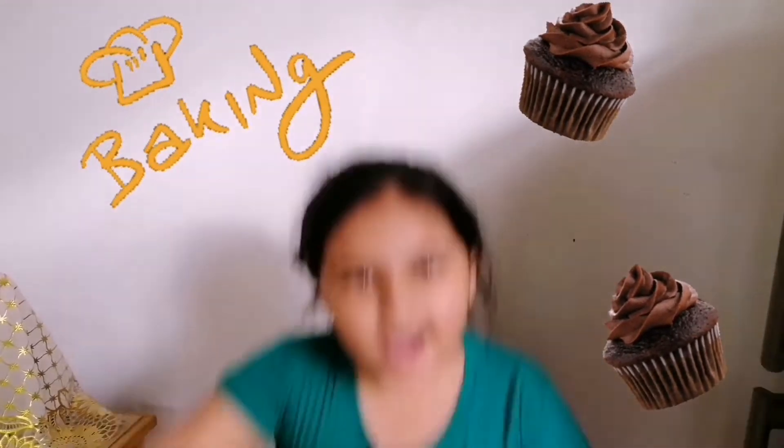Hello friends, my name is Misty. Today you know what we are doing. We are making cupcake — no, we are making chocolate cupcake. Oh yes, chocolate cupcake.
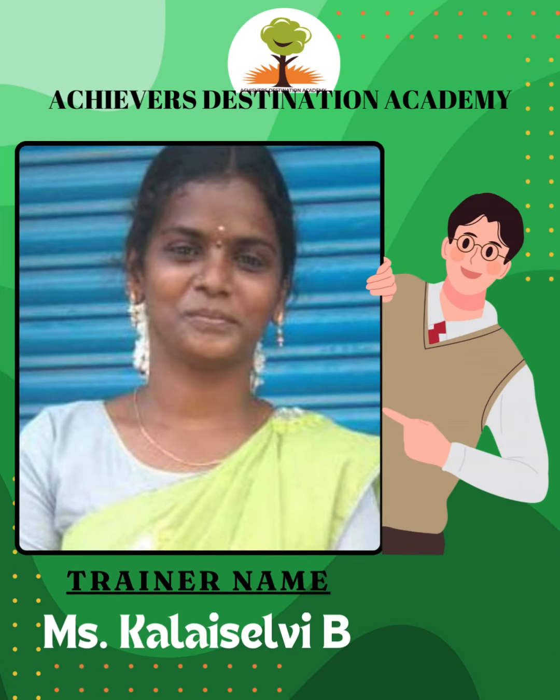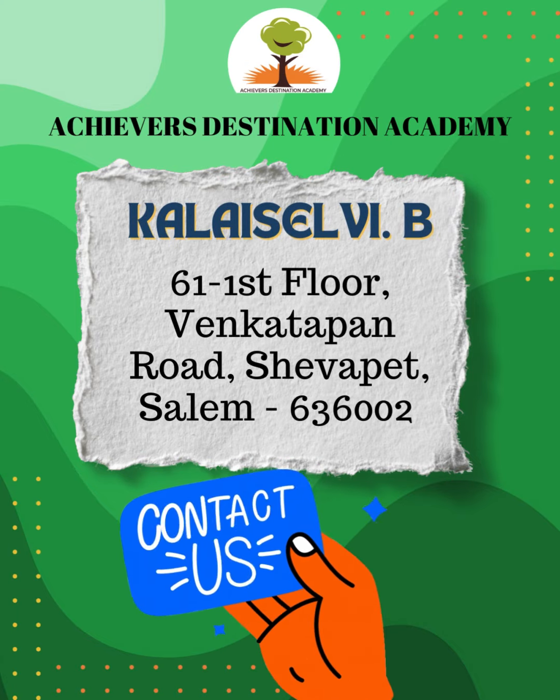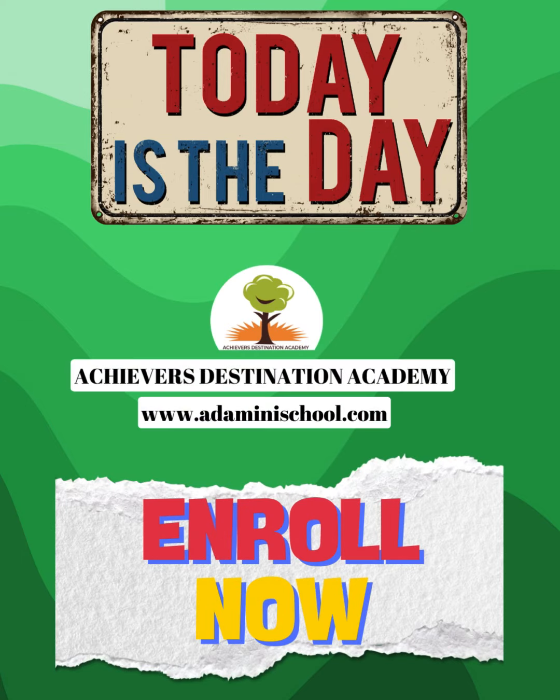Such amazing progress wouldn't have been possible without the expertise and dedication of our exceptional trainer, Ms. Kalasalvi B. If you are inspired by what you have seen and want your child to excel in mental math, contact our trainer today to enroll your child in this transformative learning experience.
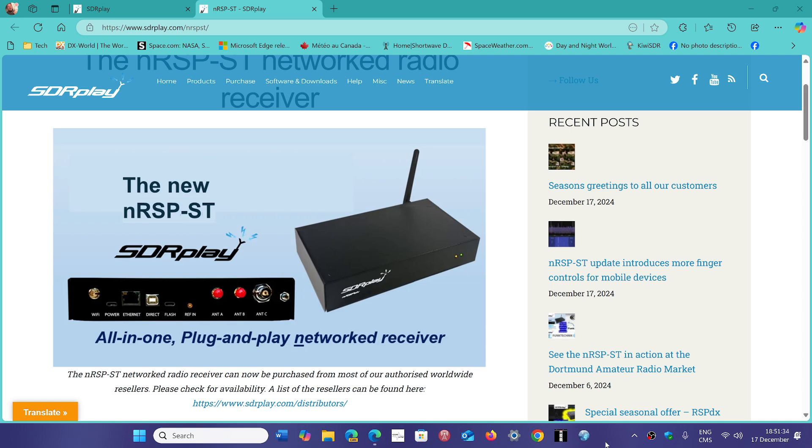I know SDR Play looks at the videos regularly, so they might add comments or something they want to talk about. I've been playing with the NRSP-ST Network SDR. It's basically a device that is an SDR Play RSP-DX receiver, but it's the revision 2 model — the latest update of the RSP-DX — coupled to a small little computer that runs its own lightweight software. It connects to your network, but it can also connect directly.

# [What the exercise asks]
The answer should match the data above word for word, with no pictures in it.

# [Result of the exercise]
Hello friends, my name is Misty. Today you know what we are doing. We are making cupcake — no, we are making chocolate cupcake. Oh yes, chocolate cupcake.
Such amazing progress wouldn't have been possible without the expertise and dedication of our exceptional trainer, Ms. Kalasalvi B. If you are inspired by what you have seen and want your child to excel in mental math, contact our trainer today to enroll your child in this transformative learning experience.
I know SDR Play looks at the videos regularly, so they might add comments or something they want to talk about. I've been playing with the NRSP-ST Network SDR. It's basically a device that is an SDR Play RSP-DX receiver, but it's the revision 2 model — the latest update of the RSP-DX — coupled to a small little computer that runs its own lightweight software. It connects to your network, but it can also connect directly.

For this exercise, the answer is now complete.